Qantas - a near death experience

It all goes back to the film version of Arthur Hailey's Airport. By 1970 standards, this was an exciting, extravagent movie and it scared the shit out of me. Watching it in Superpanavision and stereo, on a big screen was really the only way to experience it. You have to remember, young readers, that in 1970, most people had never flown anywhere in their lives. I only did it once before then, and it was like being in a dream. People dressed up to fly. Air Hostesses cossetted you from start to finish and you got china cups and metal cutlery and you were waved through the airport like you were a VIP and there were no horrid Muzzies to spoil the fun. The pilots looked more likeStarship Captains.
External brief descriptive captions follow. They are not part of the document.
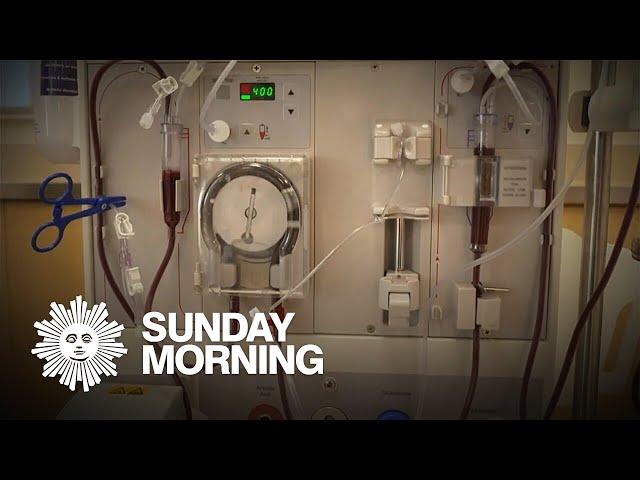 Kidney dialysis industry accused of maximizing profits over patients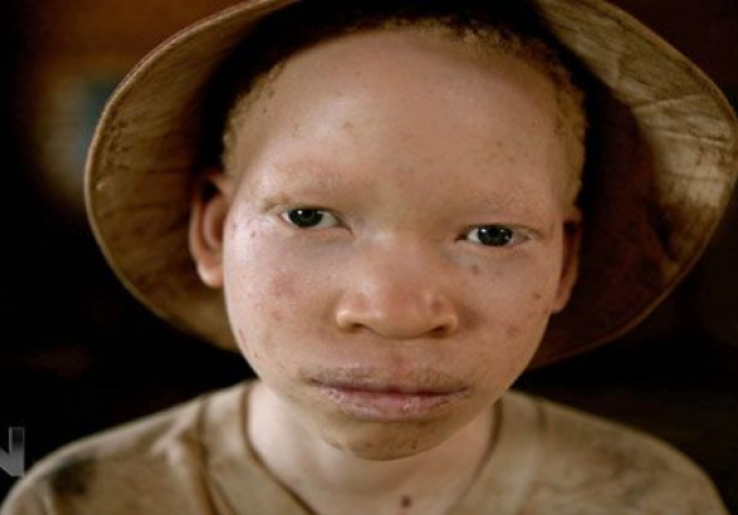 Di Negara ini, Orang Albino Diasingkan dan Diintimidasi 
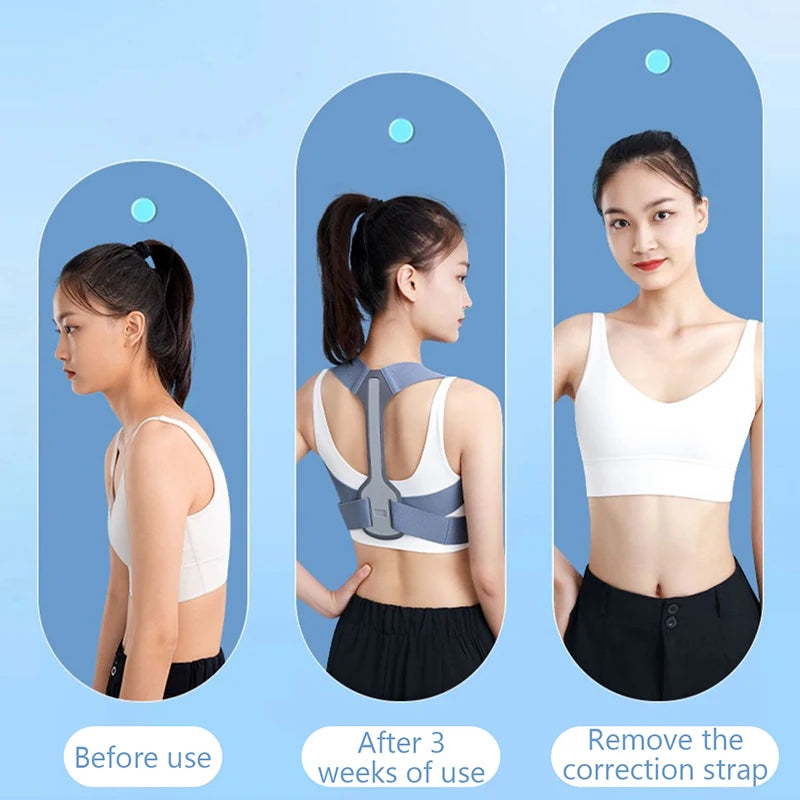 Adjustable Posture Corrector Brace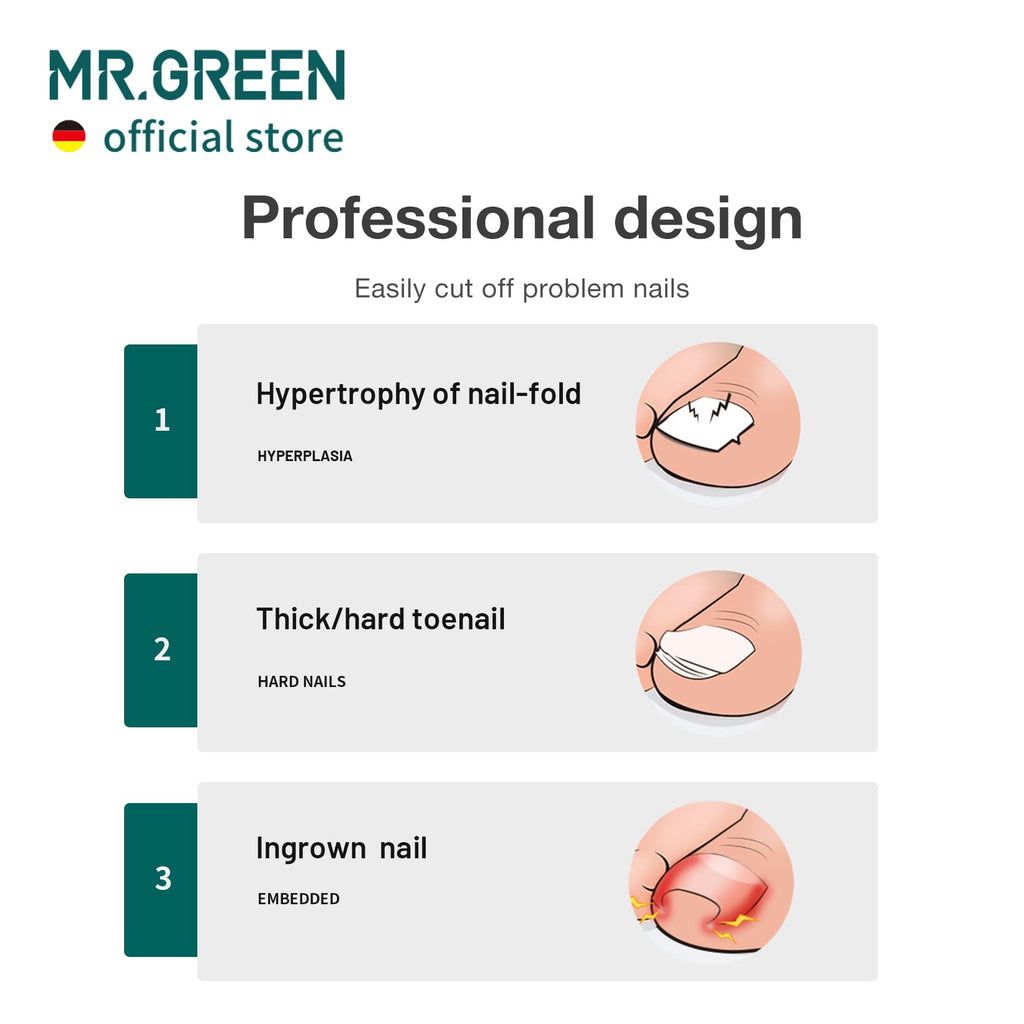 MR.GREEN Toenail Clippers – Stainless Steel Ingrown Nail Cutter for Thick Nails (Orange)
At any rate, they could be ugly as a dog's bottom, but the uniform and peaked cap with the spaghetti on it had a built in knicker-elastic melter.
Flying to me is always a re-run of the movie, Airport. I look furtively around to see if there is a nervous, sweaty little man clutching a briefcase, or a sweet little sick boy in need of an urgent transplant, or worse, a singing nun. Too many cliche passengers and I want to get off.
Which brings me to my story of the week:
Qantas had a serious emergency in November when an engine blew up in flight. At the time the extent of the emergency was underplayed by those laconic, laid back seeming pilots; "sorry folks, one of the engines is shot to buggery. Open another tinnie and the sheilas and poofters will come round with some extra Pringles while we get it sorted out." The release of what actually happened is chilling. Yes, the pilots, all five of them, did an incredible job, but their problems amounted to far more than a blown engine.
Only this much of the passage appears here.